In Bauma’s Innovation Hall, where the Machines in Construction (MiC) 4.0 booth sits, attendees are faced with this dilemma: that construction machinery manufacturers each have its own “digitization model.” This costs users time and money.
Launched in 2019, MiC 4.0 is a working group founded by the German Construction Machinery and Building Material Plants Association (VDMA) and construction companies in the German Construction Industry Federation (HDB). The group’s mission, according to its website, is to “develop a uniform, manufacturer-independent and machine-overarching digital communication” for the construction industry — one digital language.
“This standard is not working because it's too wide, too free for interpretation,” said Darius Soßdorf, a PhD in chemistry, who serves as the managing director of MiC 4.0.
Soßdorf said that the standard is so vague that different technologies often can’t agree whether or not a piece of equipment is turned on.
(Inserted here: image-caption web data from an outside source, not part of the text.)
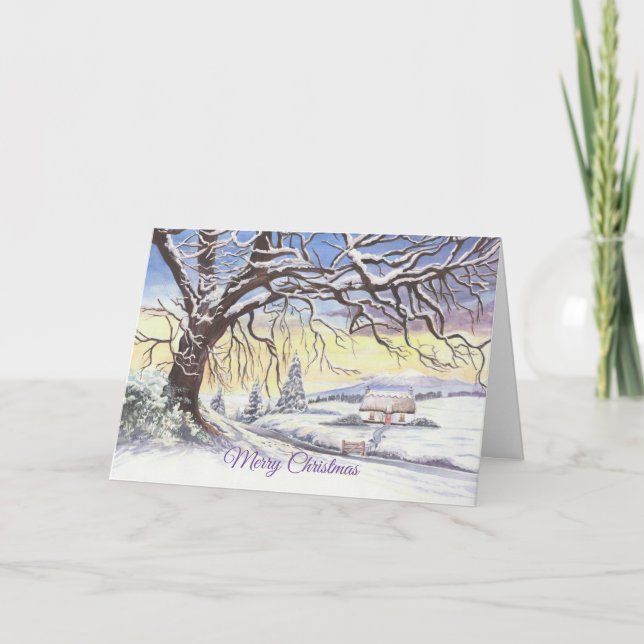 Tarjeta Festiva Navidades finales con una escena de invierno de Su (Anverso)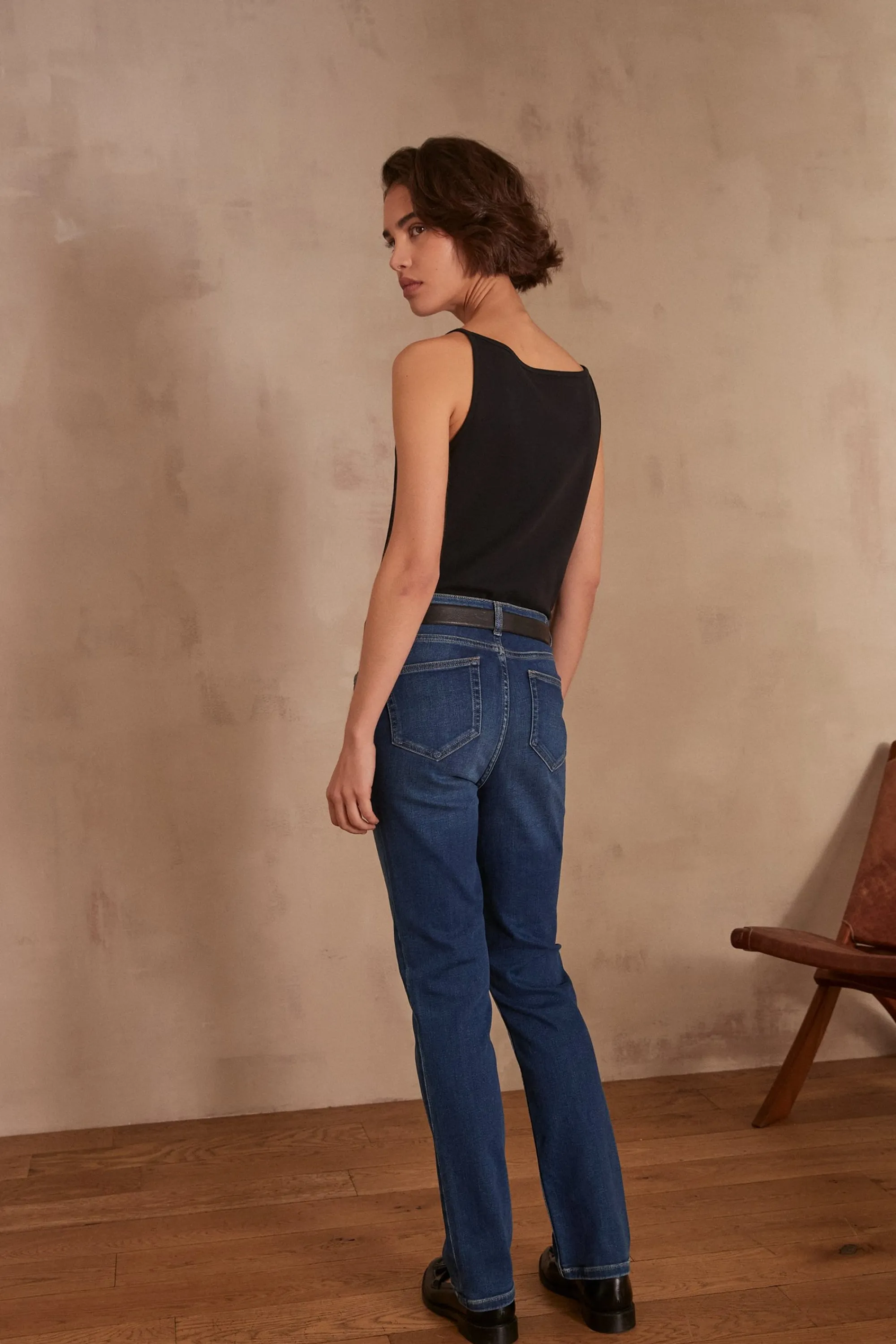 Maison 123 Jeans We Care | Jeans Droits>Jean droit SONIA Produit labellisé We Care mettant en avant l'utilisation de matières plus responsables et la valorisation de la production locale INDIGO FONCE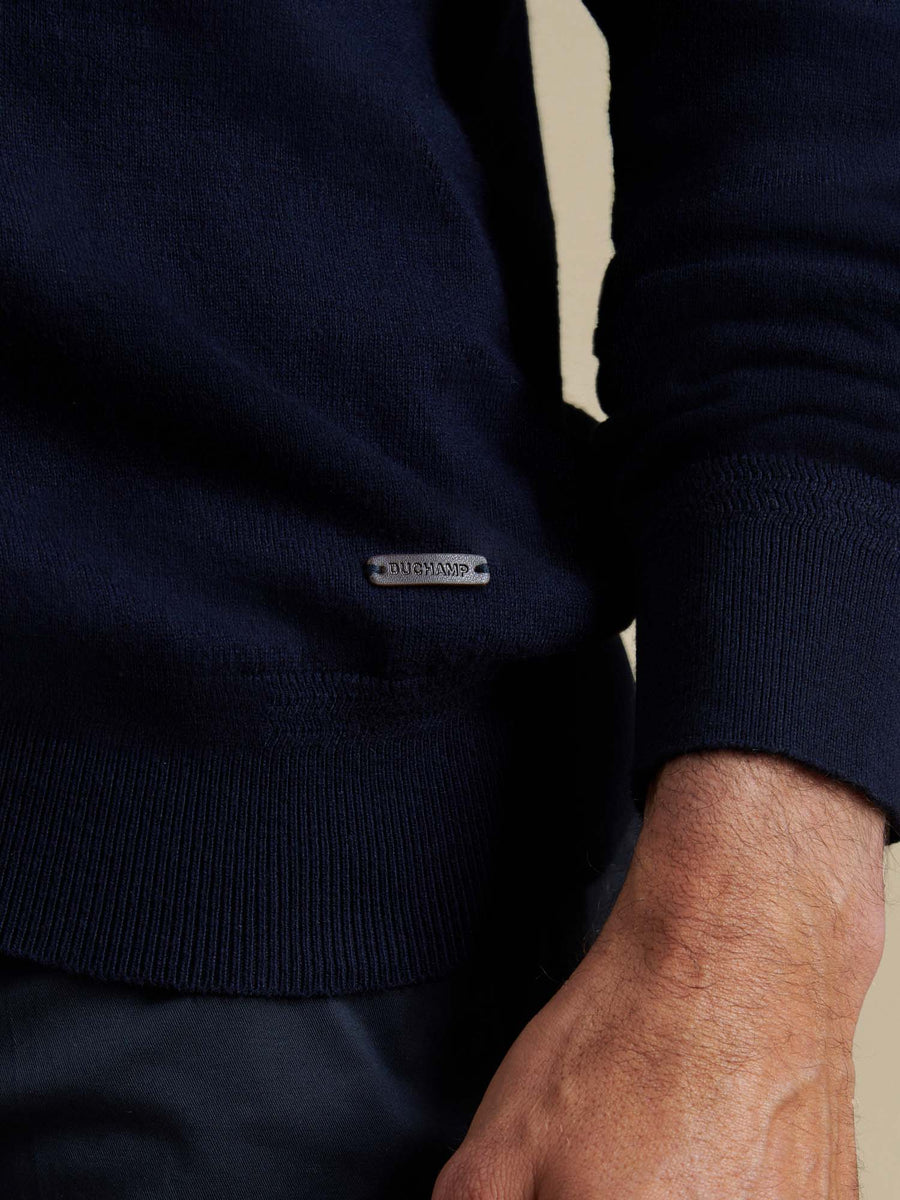Duchamp Mens Long Sleeve Polo Knit Deep Well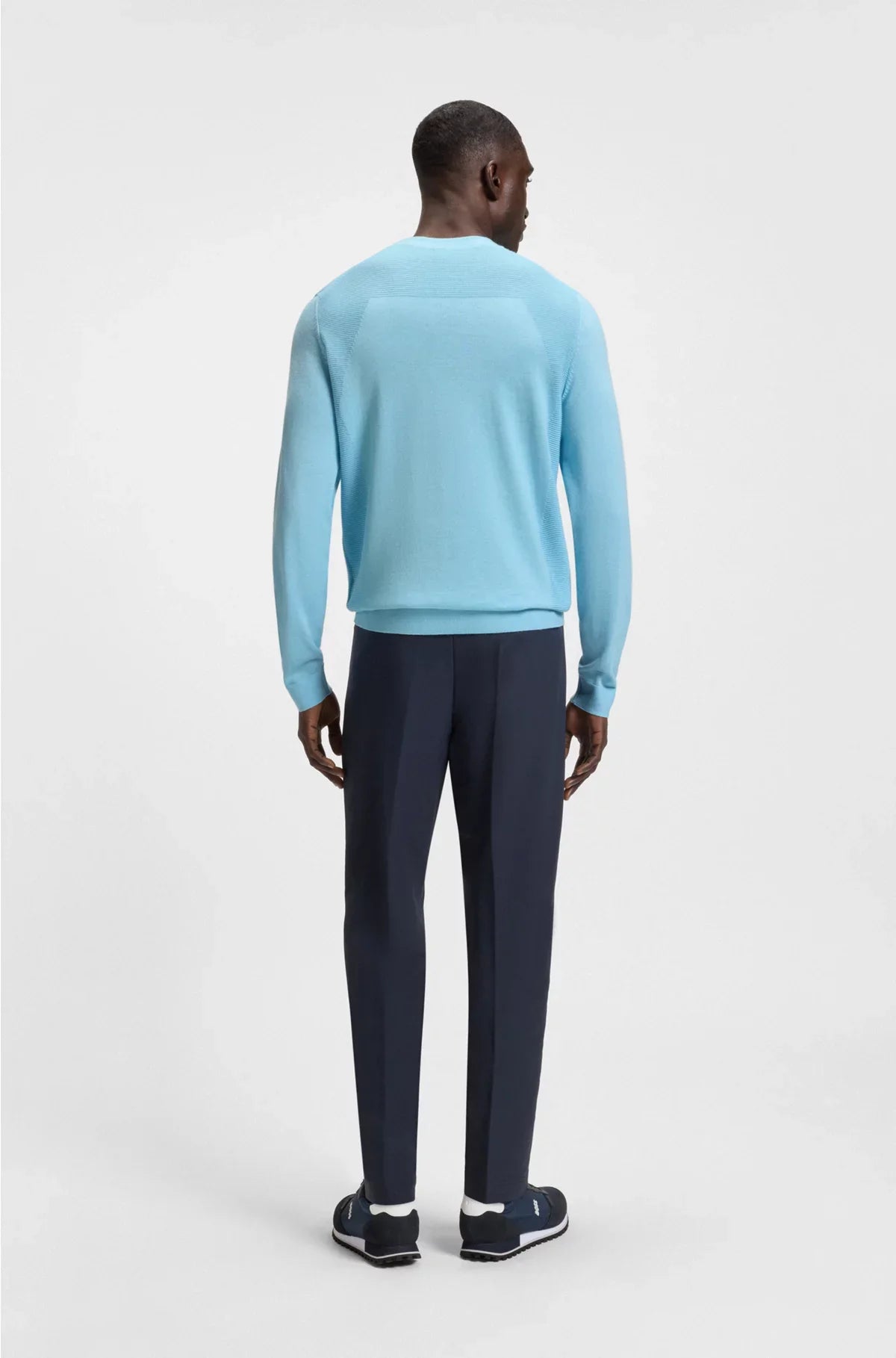 COTTON-BLEND SWEATER WITH BODY-MAPPING AND CONTRAST LOGO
“If you send the data ‘I am on,’ the first manufacturer says, ‘The ignition key must stick in,’” he said. “The second says, ‘Oh, the radio or air condition must be on.’ The third says, ‘No, the engine must running.’ And the fourth says, ‘Oh, it depends on the largeness. Is it a big or a small machine. And I say, ‘Unbelievable,’ and the customer says, ‘Oh, very good approach.’ We need one manufacturer, independent and machine, overarching understanding of a machine condition.”
MiC 4.0 has 137 members from eight European countries. It works to develop solutions regrading data, data format and data transmission, as well as the transmission of International Organization of Standards-compliant data.
Construction equipment in the U.S. doesn’t all share the same digital language, either. Manufacturers like Caterpillar, Volvo, and John Deere, which is a MiC 4.0 member, often produce machines that communicate data, including engine hours, fuel usage, location and diagnostics, in their own formats, on their own platforms.
Like in Europe, there is a movement to fix this in America. It’s called ISO 15143-3 and it’s also referred to as AEMP 2.0. Developed by the Association of Equipment Management Professionals (AEMP), this allows data from different manufacturers to be shared in a common format.
Many manufacturers in the U.S. support this to some degree, and software companies offer platforms that aggregate data from multiple brands. However, not all data is shared equally. While basic data is usually standardized, full interoperability hasn’t caught up, yet.
Soßdorf said that having one digital language in the construction industry should be a global goal.
“And together, we come to common solution, once again, a common digital language, a common understanding of interpretation of meaning of data,” he said.